For consistency. I prefer that 'parallel cmd {} ::: 1' does very close
to the same as 'parallel cmd {} ">" {} ::: 1'

The only situation in which you do not not have to spawn a shell is:

* If there is only 1 command (i.e. no ; && || () or |)
* If there is no redirection (i.e. no > < or |)
* If GNU Parallel does not generate any wrapping, which is
increasingly common these days.

> Most of the time, when you do:
> seq 10 | parallel cmd
> You intend it to run ["cmd", "1"], ["cmd", "2"]... in parallel,
> not ["myshell", "-c", "cmd 1"], ["myshell", "-c", "cmd 2"],
> hoping that the shell will eventually (after initialisation,
> loading libraries, startup files...) run ["cmd", "1"]...
> I understand, there are cases where you may want to use shell
> constructs in there, but that's not the common case.

Are you aware that your commands are often wrapped? Any of these
options will wrap your command:

    # * --shellquote
    # * --nice
    # * --cat
    # * --fifo
    # * --sshlogin
    # * --pipepart
    # * --pipe
    # * --tmux

> I'd be more than happy to do things like:
> seq 10 | parallel sh -c 'cmd "$1" > "$1.out"' sh
> for instance

Changing the current behaviour to the above would break backward compatibility.

And the above is actually one of the reasons why I wrote GNU Parallel:
You are _forced_ to use the above syntax when using xargs.
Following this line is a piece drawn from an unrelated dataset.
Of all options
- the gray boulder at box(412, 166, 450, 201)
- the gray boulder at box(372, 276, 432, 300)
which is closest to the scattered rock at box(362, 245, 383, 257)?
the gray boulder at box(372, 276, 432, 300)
I use
composed commands and redirection all the time and would find it very
annoying if I had to quote the commands and then wrap the commands
with a shell.

> At the moment, depending on the shell (and it's not always clear
> which one you'll get)

Please read: 

If it is still not clear then please explain a situation which is not
covered by that.

> there are a few bugs.

And bugs should be fixed.

> For instance with zsh:
> $ printf '=z\n'  | PARALLEL_SHELL=zsh parallel  'printf "<%s>\n"'
> zsh:1: z not found
> In zsh, a leading = is a globbing operator that is not currently
> escaped by parallel.

I did not know that. It seems there is no problem in quoting = in
bash, tcsh and csh, so I have now added = to the characters that
should be \'ed.

> With csh/tcsh:
> $ printf 'a\nb\0'  | PARALLEL_SHELL=tcsh parallel -0 'printf "<%s>\n"'
> Unmatched '.
> Unmatched '.

That is now fixed.

> (good luck to get the quoting right with csh)

Yep, that is a bitch and it seems it cannot be done for every case.

> With rc/es/akanga:
> $ printf "'"  | PARALLEL_SHELL=rc parallel -0 "printf '<%s>\n'"
> line 1: eof in quoted string near eof
> rc/es have only one kind of quotes: single quotes

I have never worked on a system with rc/es/akanga, so it is very
likely that GNU Parallel has bugs for these shells.

> Even with POSIX shells, the quoting will only be right in the
> main context.:
> ~$ printf '%s\n' '\' '\x' | PARALLEL_SHELL=sh parallel  'printf "<%s>\n" 
> "`printf \"<%s>\n\" {}`"'
> <<\>>
> <<x>>

This is the expected result.

> ~$ printf '%s\n' '\' '\x' | PARALLEL_SHELL=bash parallel 'printf "<%s>\n" 
> "`printf \"<%s>\n\" {}`"'
> <<>>
> <<x>>
> (inside backtick, you need another level of escaping for \ (and
> `, $, ")).

It works fine for characters that do not need quoting and if you ran
the command without parallel it also would not work:

  $ printf "<%s>\n" "`printf \"<%s>\n\" \\`"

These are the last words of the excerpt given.